Experiments with Shared Holograms and Azure Blob Storage/UDP Multicasting (Part 1)

NB: The usual blog disclaimer for this site applies to posts around HoloLens. I am not on the HoloLens team. I have no details on HoloLens other than what is on the public web and so what I post here is just from my own experience experimenting with pieces that are publicly available and you should always check out the official developer site for the product documentation.

I’ve written a number of posts about the idea of shared holographic experiences including the posts below;

Experiments with Shared Holographic Experiences and Photon Unity Networking

Experiments with Shared Holographic Experiences and AllJoyn (Spoiler Alert- this one does not end well!)

Hitchhiking the HoloToolkit-Unity, Leg 13–Continuing with Shared Experiences

Hitchhiking the HoloToolkit-Unity, Leg 11–More Steps with Sharing Holographic Experiences

Hitchhiking the HoloToolkit-Unity, Leg 10–Baby Steps with Sharing Holographic Experiences

Hitchhiking the HoloToolkit-Unity, Leg 5–Baby Steps with World Anchors and Persisting Holograms

It sometimes feels like I can’t leave this topic alone Smile but that’s perhaps to be expected as I’ve seen a lot of developer interest in applications that offer a shared holographic experience and so maybe it’s right that I keep coming back to it.

Additionally, when I’ve worked with developers to set up shared holograms in their applications I’ve found that they sometimes get bogged down in the enabling technologies that underpin the Mixed Reality Toolkit (for Unity) such as UNET or the networked sharing service.

With that in mind, I wanted to return to the shared holograms topic again with some experiments around enabling shared holograms without using the Mixed Reality Toolkit/Unity and without using some external enabling library such as UNET or Photon.

This is the first in a small series of posts taking a look at that type of experiment and it starts with thinking about what needs to be passed over the network.

Enabling Shared Holograms

In order to enable shared holograms, we need some kind of networking that enables two things;

  1. The ability to quickly send messages between HoloLens devices on a common network – examples might be “Hologram has been created” or “Hologram has moved”.
    • I’m assuming that ‘common network’ is ok here and not considering the case when the HoloLens devices are separated by network infrastructure or the internet etc.
  2. The ability to send serialized blobs representing HoloLens ‘spatial anchors’ between HoloLens devices on a common network.
    • This is necessary to establish a common co-ordinate system between devices.
    • I think it’s safe to assume that these serialized blobs can easily grow into 1-10MB in size based on my past experiments which can mean that transfers can take some time and also that some networking technologies might not really be appropriate.

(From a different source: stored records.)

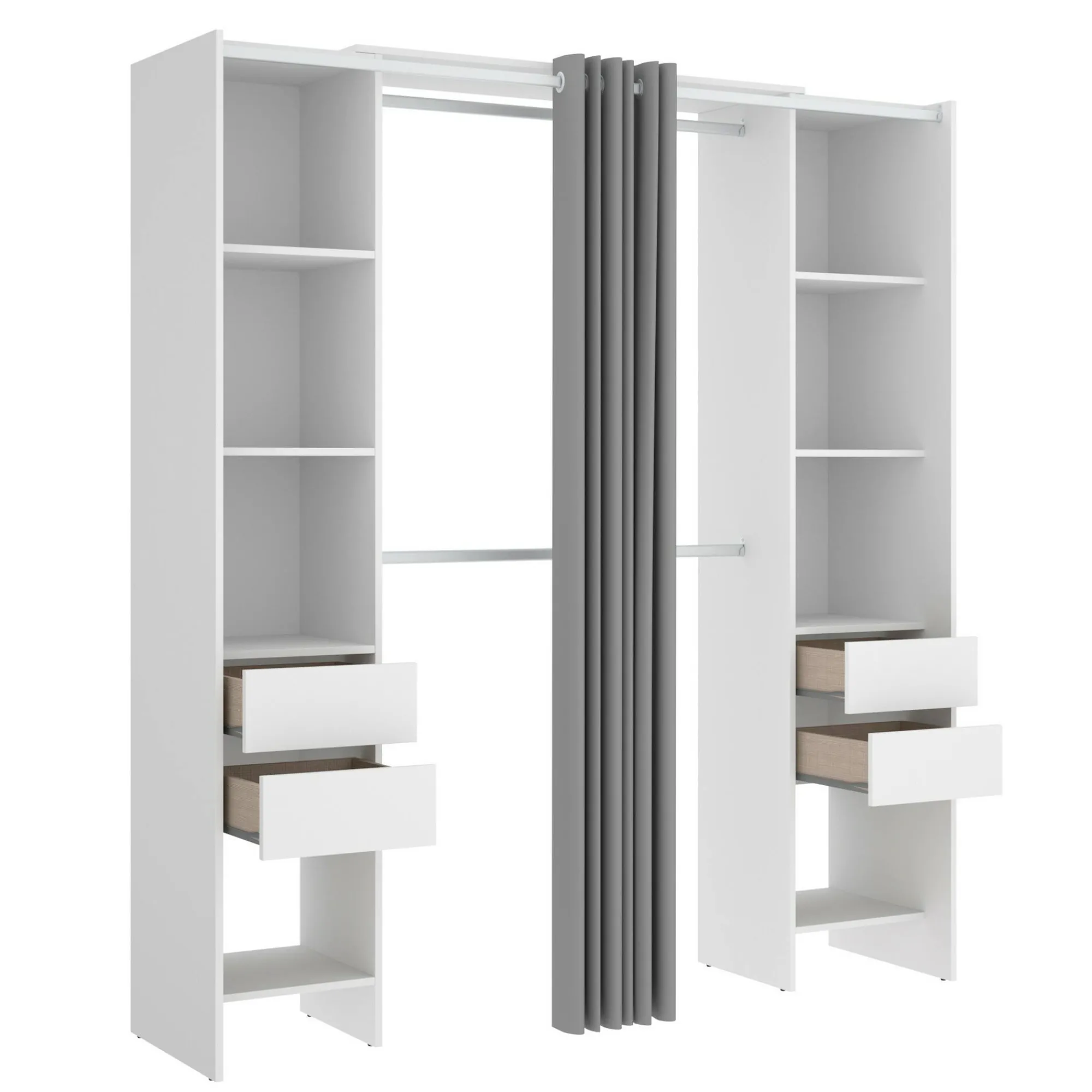 Guardaroba Era, 180x50h205 cm, Bianco e Grigio<Dmora Best Sale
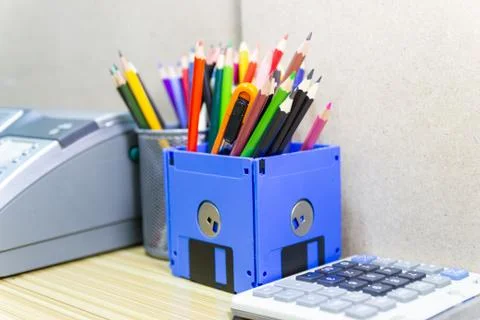 Recycle floppy disk, Creative objects used for Store supplies 스톡 사진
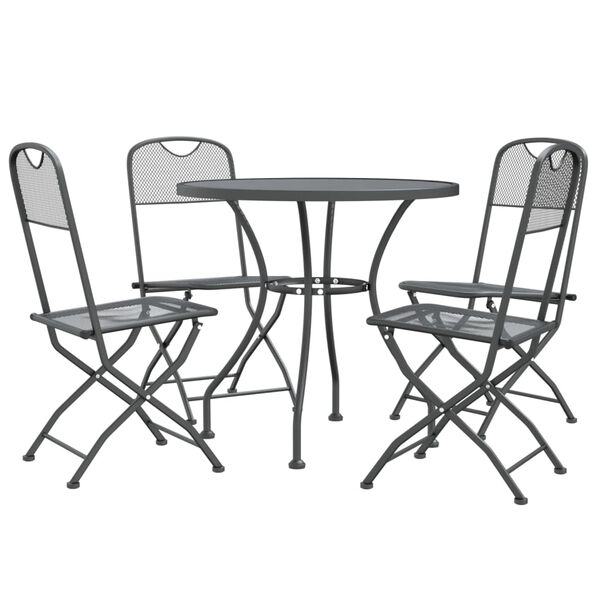 vidaXL 5 Piece Garden Dining Set Expanded Metal Mesh Anthracite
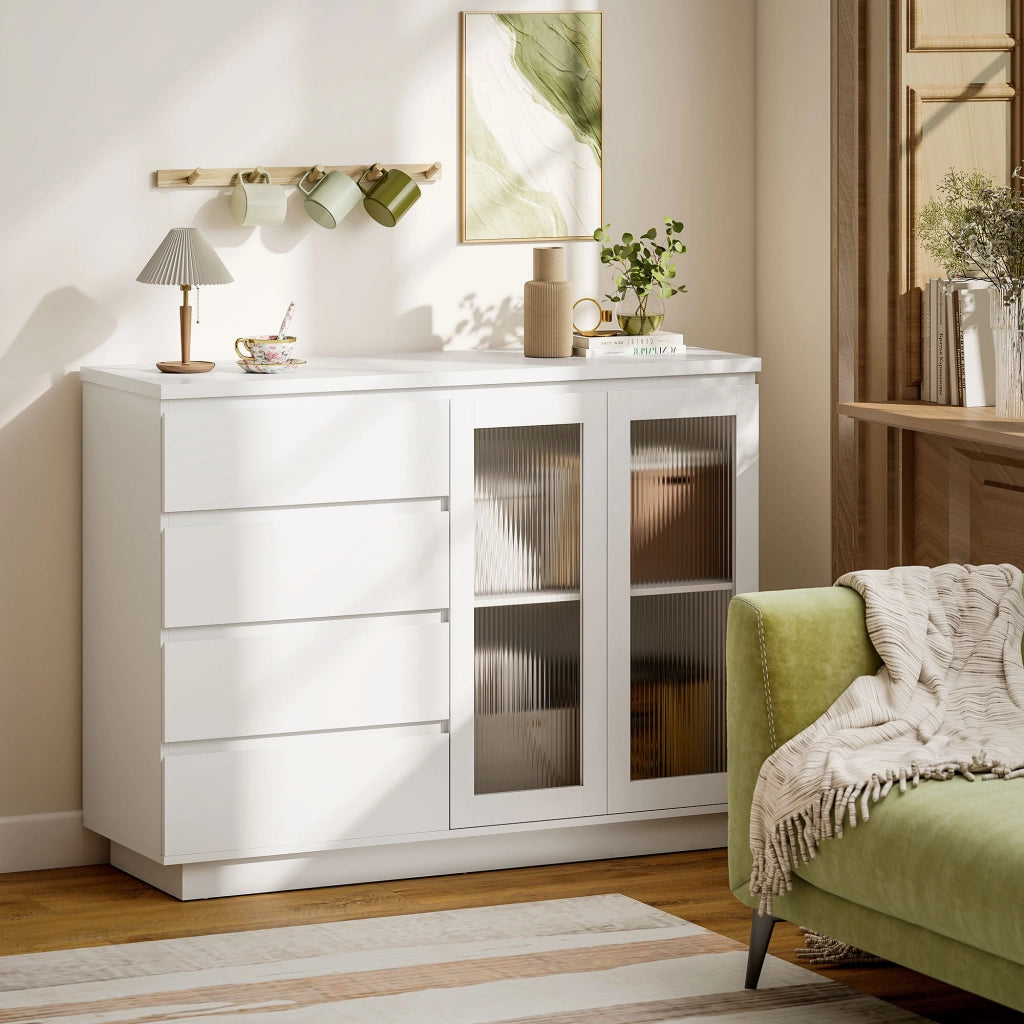 Credenza con 4 Cassetti e Ante in Vetro ¨C zephmum ¨C Bianco 120x40x91 cm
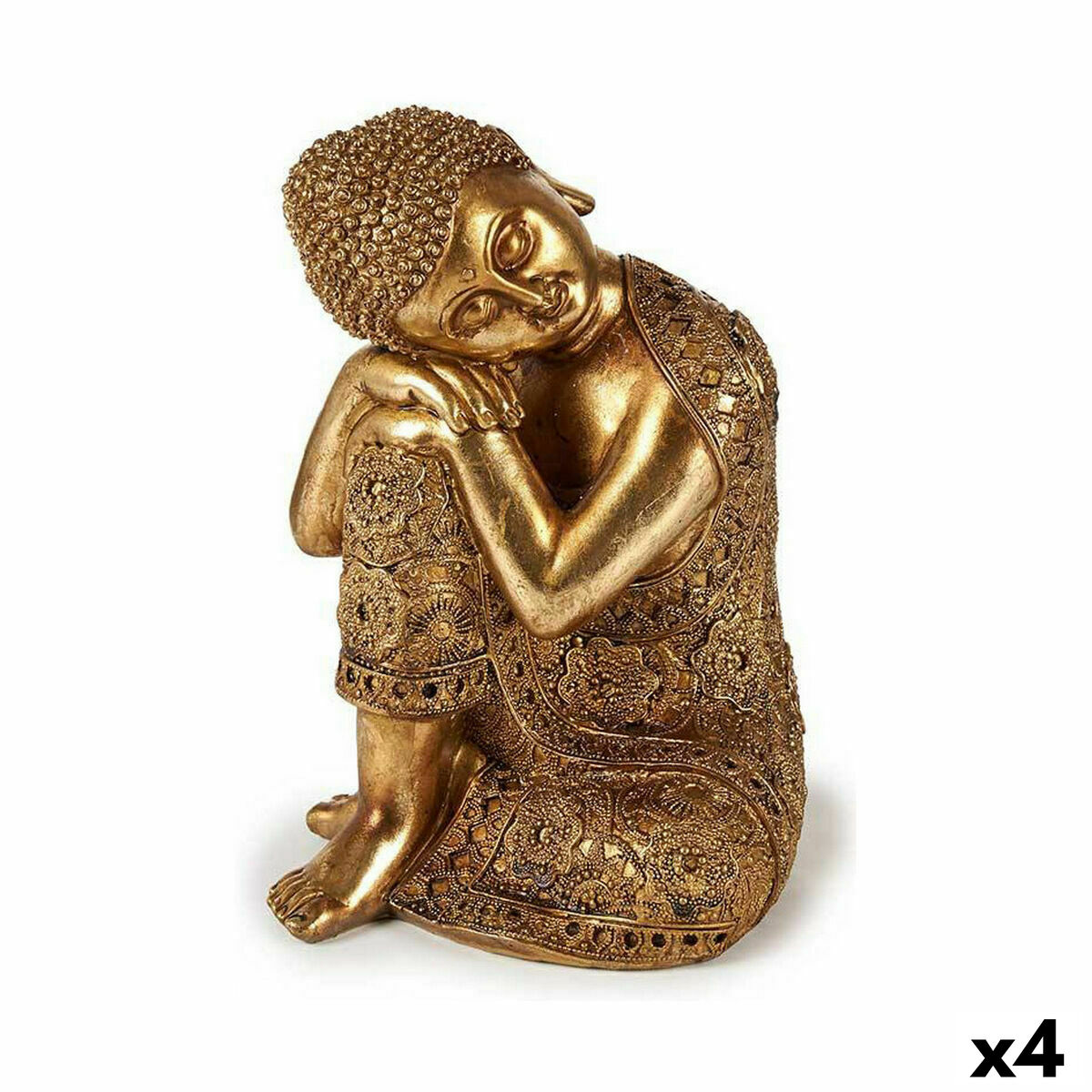 Dekorativ figur Buddha Siddende Gylden 20 x 30 x 20 cm (4 enheder)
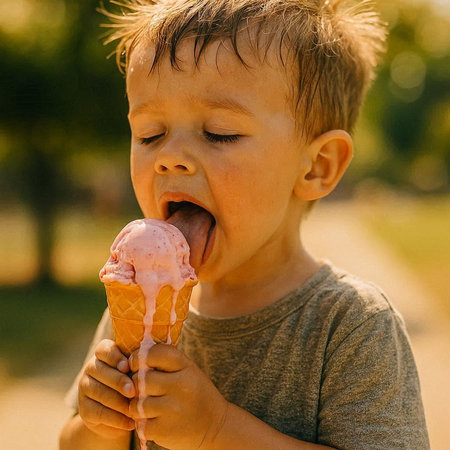 Little boy eating ice cream in the park on a summer day.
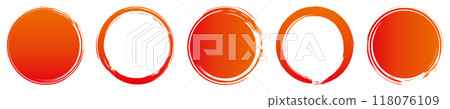 Red circle gradient brush simple set 118076109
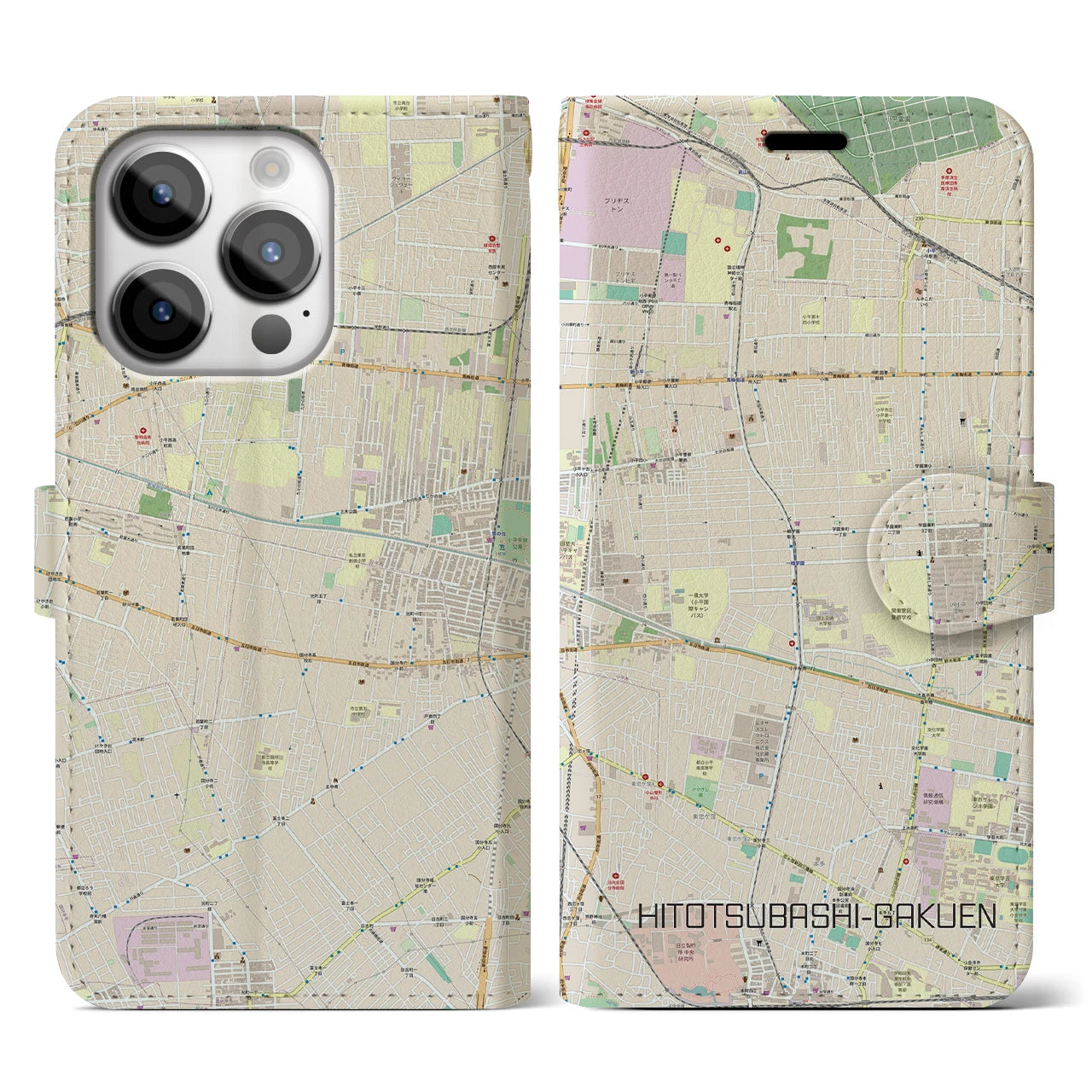 【一橋学園】地図柄iPhoneケース（手帳両面タイプ・ナチュラル）iPhone 14 Pro 用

There are many, many ways in which this can be achieved and some of them appear in the previous posts that I’ve referred to above.

For this small set of posts I’m going to use two technologies to try and implement 1 and 2 above;

  1. I’m going to use UDP multicasting to distribute small network messages to a set of HoloLens devices.
  2. I’m going to use Azure Blob Storage to store serialized spatial anchor blobs.

In many ways, this is similar to what I did in the blog post;

Experiments with Shared Holographic Experiences and AllJoyn (Spoiler Alert- this one does not end well!)

except that I’m taking AllJoyn out of the equation and using UDP multicasting instead.

Against that backdrop, I needed a library to enable UDP multicasting of messages between devices and so I made one…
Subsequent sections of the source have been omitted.